* Record excerpts
#####

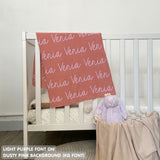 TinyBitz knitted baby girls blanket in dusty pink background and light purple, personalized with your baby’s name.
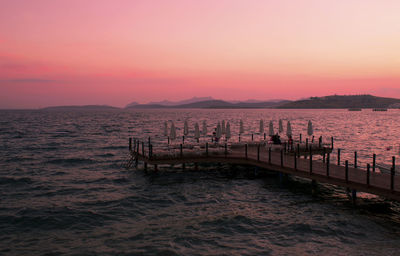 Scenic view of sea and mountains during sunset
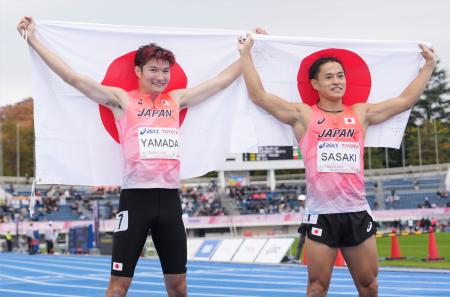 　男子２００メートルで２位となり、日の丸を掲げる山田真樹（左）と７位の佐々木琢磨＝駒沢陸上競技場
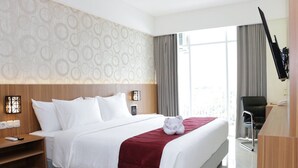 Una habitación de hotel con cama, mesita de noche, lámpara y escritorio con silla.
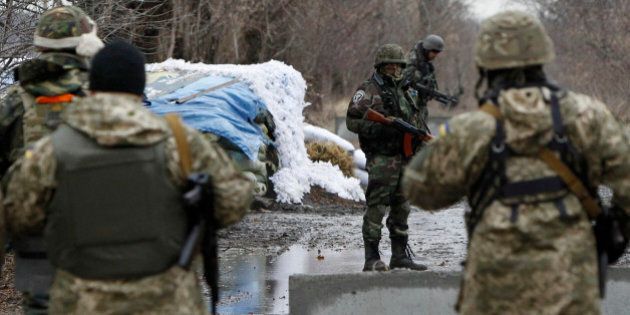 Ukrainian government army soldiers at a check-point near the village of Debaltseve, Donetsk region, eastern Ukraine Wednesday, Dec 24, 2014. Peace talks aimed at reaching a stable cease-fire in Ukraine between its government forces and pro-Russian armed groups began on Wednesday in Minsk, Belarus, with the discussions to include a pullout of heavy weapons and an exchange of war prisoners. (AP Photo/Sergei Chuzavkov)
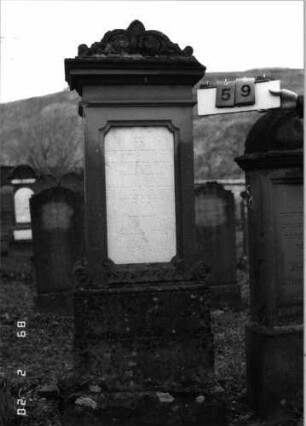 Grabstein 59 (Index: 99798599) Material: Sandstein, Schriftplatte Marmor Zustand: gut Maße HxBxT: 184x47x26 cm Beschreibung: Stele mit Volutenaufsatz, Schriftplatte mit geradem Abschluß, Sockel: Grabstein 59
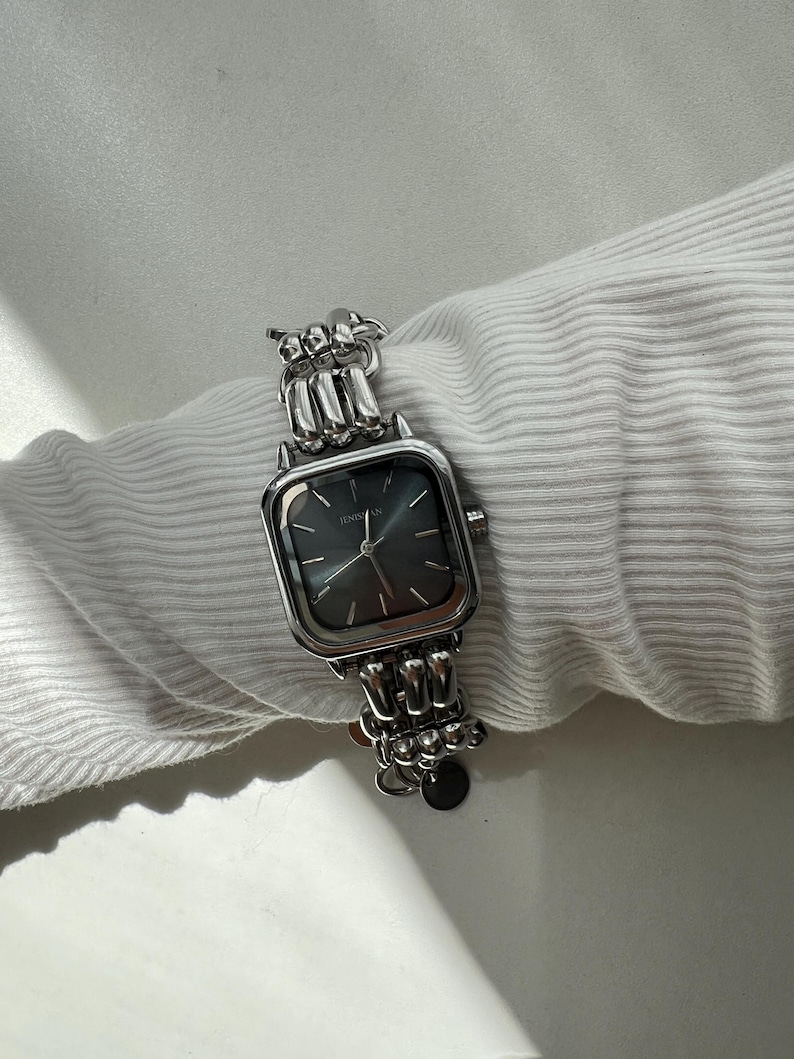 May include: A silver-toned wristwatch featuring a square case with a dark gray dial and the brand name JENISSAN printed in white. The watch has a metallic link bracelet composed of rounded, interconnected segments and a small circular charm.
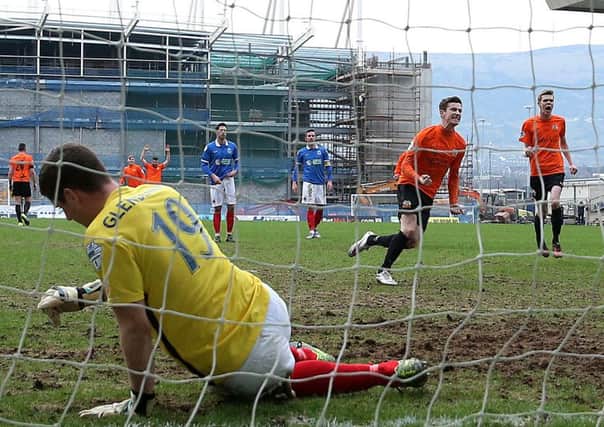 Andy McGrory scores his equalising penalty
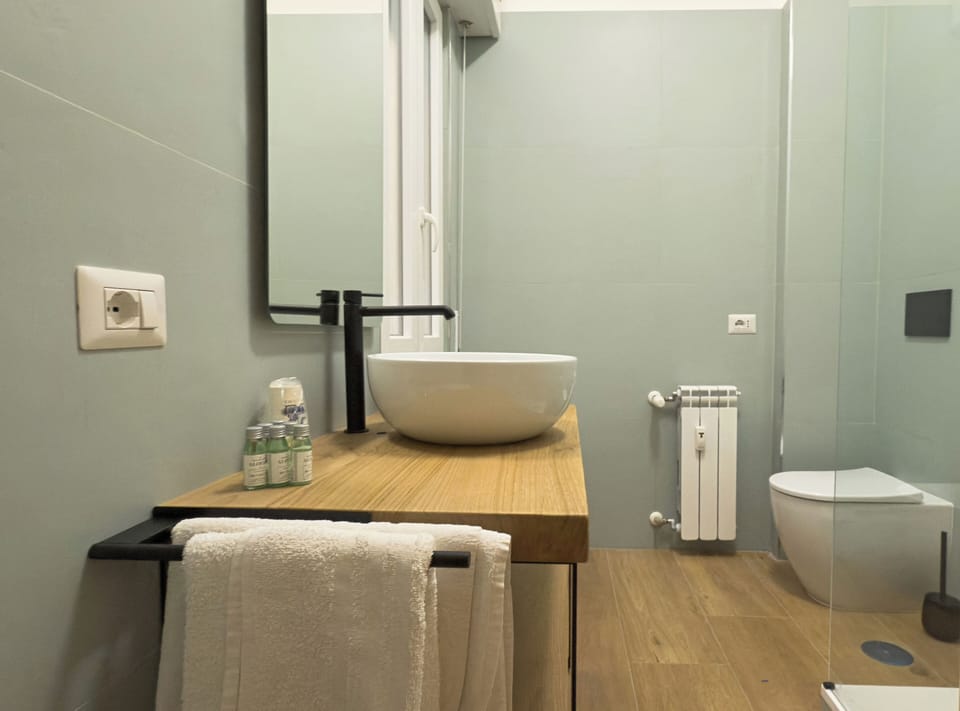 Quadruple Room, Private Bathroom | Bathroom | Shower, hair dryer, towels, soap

#####

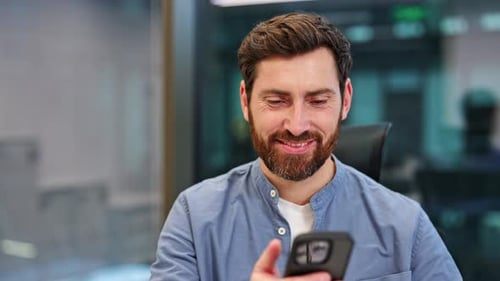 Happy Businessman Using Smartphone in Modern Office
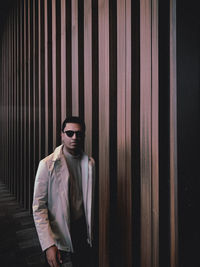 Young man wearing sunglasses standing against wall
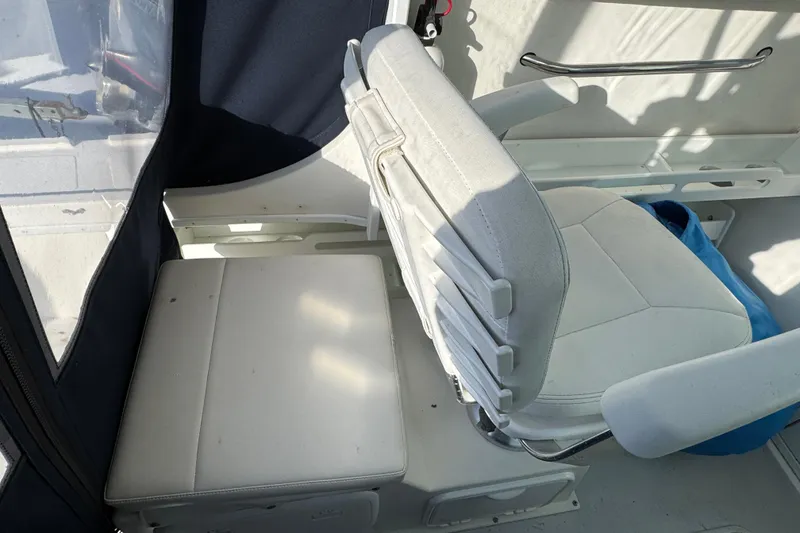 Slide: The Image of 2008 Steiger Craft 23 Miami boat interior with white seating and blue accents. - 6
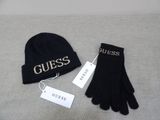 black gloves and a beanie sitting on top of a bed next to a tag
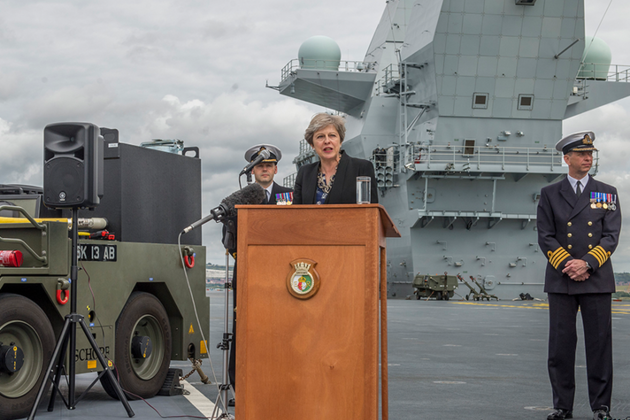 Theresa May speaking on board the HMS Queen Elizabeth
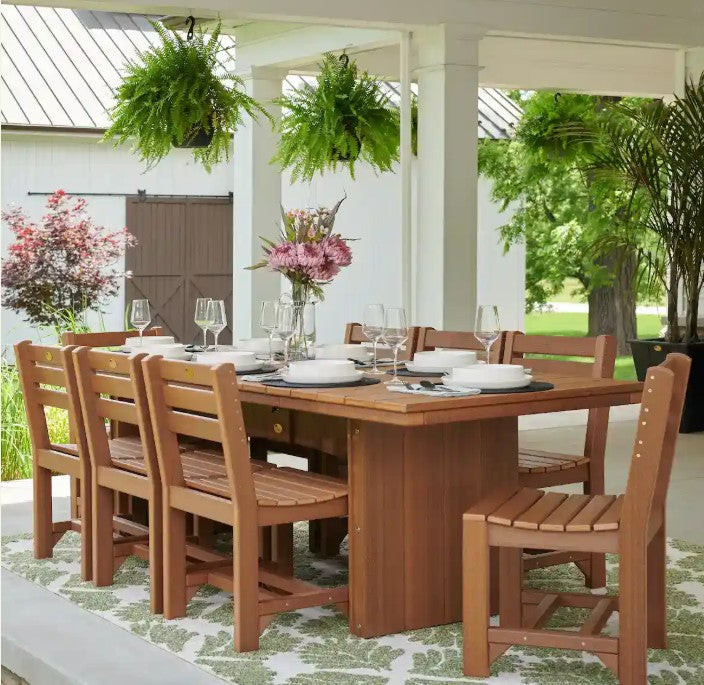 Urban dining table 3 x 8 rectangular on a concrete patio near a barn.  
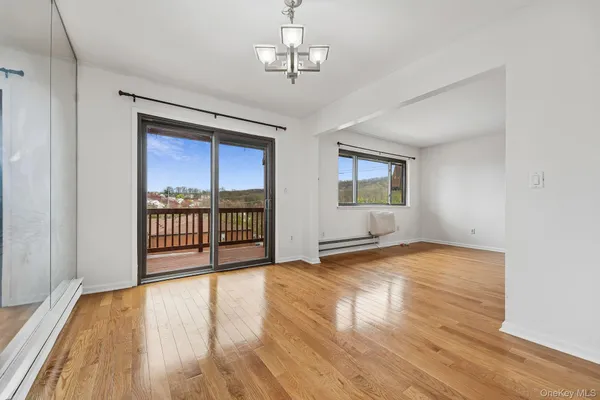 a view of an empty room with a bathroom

#####

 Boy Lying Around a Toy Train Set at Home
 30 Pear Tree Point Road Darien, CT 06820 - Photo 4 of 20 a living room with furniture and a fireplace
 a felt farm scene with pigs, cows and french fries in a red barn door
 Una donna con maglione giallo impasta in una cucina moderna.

#####

* Problem
Look above for the line holding "May include: A" and output everything from it down to the line holding "Quadruple Room, Private", both ends included, exactly and without images.

* Solved exercise
 May include: A silver-toned wristwatch featuring a square case with a dark gray dial and the brand name JENISSAN printed in white. The watch has a metallic link bracelet composed of rounded, interconnected segments and a small circular charm.
 Andy McGrory scores his equalising penalty
 Quadruple Room, Private Bathroom | Bathroom | Shower, hair dryer, towels, soap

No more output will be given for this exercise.